Who Should Have Access to Your DNA? - interkats
https://medium.com/backchannel/who-should-have-access-to-your-dna-6830fbf8dc79

======
grownseed
_" Are we to rely on physicians, who largely have no grounding in genomics, to
actualize the genomic medicine revolution?"_

I don't think this should really be the role of physicians, or at least not
solely.

I personally really wish the public sector (here in Canada) would undertake
similar efforts to 23andme. My group does to an extent (for specific cancers
mostly), partly research-grade and partly clinical-grade, but we're very
limited in scope and resources, and hence scale.

Add to that the crazy politics at play which incur huge costs in terms of
duplication of effort (e.g. everybody's implementing their own variant
annotations databases expecting everybody else to chime in) and also really
limit how and what information can be shared.

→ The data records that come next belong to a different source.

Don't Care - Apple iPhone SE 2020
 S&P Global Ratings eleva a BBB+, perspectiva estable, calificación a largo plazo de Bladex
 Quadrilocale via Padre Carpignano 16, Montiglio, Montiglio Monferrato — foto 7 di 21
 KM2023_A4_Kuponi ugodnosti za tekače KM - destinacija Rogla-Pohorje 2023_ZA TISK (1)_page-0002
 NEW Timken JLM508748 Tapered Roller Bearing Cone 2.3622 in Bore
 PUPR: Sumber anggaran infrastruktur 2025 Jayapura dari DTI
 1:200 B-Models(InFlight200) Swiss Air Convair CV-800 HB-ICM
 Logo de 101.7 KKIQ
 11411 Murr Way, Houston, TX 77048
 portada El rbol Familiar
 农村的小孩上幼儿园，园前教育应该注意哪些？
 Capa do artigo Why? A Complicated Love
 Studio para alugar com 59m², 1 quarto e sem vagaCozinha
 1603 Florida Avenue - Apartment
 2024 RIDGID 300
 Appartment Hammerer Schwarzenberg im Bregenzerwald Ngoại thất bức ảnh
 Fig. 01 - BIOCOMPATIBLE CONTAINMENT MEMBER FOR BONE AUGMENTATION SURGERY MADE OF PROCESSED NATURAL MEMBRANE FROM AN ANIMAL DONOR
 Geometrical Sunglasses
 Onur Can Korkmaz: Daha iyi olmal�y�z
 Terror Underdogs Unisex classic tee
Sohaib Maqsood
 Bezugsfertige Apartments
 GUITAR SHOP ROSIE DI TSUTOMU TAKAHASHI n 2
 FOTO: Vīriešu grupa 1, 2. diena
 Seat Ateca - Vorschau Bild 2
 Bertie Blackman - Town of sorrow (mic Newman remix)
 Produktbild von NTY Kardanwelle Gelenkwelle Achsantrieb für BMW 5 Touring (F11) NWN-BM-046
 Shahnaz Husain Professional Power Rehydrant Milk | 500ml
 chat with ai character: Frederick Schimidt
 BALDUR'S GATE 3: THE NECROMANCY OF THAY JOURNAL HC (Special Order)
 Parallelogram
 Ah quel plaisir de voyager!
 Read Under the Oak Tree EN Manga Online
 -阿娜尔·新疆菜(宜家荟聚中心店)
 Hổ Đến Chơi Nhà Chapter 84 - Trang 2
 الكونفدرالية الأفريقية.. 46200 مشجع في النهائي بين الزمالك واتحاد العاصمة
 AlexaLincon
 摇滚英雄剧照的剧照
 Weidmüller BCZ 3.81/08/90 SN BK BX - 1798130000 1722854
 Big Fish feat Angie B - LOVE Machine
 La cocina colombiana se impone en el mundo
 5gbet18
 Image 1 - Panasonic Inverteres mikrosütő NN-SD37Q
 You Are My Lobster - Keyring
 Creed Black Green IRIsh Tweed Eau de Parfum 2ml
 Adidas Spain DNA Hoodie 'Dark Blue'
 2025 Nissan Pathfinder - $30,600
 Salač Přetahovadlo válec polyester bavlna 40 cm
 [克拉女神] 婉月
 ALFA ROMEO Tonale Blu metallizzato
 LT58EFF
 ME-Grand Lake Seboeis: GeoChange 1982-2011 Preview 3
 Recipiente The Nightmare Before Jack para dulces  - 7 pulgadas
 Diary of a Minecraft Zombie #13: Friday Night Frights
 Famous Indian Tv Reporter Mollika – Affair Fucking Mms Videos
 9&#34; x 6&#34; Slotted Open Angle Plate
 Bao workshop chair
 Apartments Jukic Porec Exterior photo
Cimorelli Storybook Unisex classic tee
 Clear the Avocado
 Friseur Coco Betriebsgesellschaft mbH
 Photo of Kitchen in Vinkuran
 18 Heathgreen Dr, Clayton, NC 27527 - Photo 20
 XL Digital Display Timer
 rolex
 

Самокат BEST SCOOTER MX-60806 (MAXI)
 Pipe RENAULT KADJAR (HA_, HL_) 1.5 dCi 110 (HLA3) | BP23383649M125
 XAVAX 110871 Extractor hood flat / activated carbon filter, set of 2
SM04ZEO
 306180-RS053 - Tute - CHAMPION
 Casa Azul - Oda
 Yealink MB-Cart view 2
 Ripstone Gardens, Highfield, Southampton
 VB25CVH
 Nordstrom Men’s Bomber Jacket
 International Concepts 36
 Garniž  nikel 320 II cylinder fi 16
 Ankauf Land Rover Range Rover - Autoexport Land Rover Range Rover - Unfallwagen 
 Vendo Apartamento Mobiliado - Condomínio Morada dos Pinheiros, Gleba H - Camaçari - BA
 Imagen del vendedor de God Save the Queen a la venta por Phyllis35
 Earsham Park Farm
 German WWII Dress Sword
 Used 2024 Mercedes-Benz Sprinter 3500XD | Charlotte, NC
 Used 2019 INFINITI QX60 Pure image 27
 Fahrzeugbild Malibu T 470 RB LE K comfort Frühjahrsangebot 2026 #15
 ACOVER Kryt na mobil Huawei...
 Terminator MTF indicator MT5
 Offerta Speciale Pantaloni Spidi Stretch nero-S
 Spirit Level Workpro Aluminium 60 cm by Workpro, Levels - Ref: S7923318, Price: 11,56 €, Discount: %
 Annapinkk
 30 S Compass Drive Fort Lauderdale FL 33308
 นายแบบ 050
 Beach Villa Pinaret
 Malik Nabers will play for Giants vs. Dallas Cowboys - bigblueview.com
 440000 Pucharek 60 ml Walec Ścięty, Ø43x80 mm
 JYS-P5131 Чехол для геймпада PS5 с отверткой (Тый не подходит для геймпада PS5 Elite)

For instance patient data is mostly anonymized, yet that doesn't guarantee you
can share this information freely with other research groups or even clinical
groups. This is only the tip of the iceberg though, the barricades faced by
the public health sector here (and I suspect a lot of other places too) are
only getting worse. Meanwhile, private organizations have practically no
problems sharing information internally or plowing through (often using
research backed by the public sector).

If we want genomics and the benefits that come with it to become more
widespread, the public would need to demand greater transparency and efficacy
from the public agencies that rule over the health sector. Of course, the
public would also have to be willing to invest more (or better) in their
health, which is considerably easier said than done. Finally, people working
in the health sector might appreciate not feeling like they're going to get
sued all the time ; their time might be better used if they didn't spend half
of it filling in forms after forms or writing 100 pages validation documents
every time they change a couple of lines of code... The public is, most likely
unknowingly, largely responsible for that.

------
derekja
That's not exactly what happened. The FDA required 23andme to stop reporting
health risks as if they were properly vetted medical data. I think that's the
wrong decision, and it did have the effect of greatly limiting their market in
the US, but you can still do a 23andme test and then just go to Promethease to
get just as detailed a look at all the health implications as 23andme provided
(and still provides to the rest of the world.)

The FDA did not shut down 23andme or make them stop offering DNA tests, they
stopped them offering interpretations of those tests.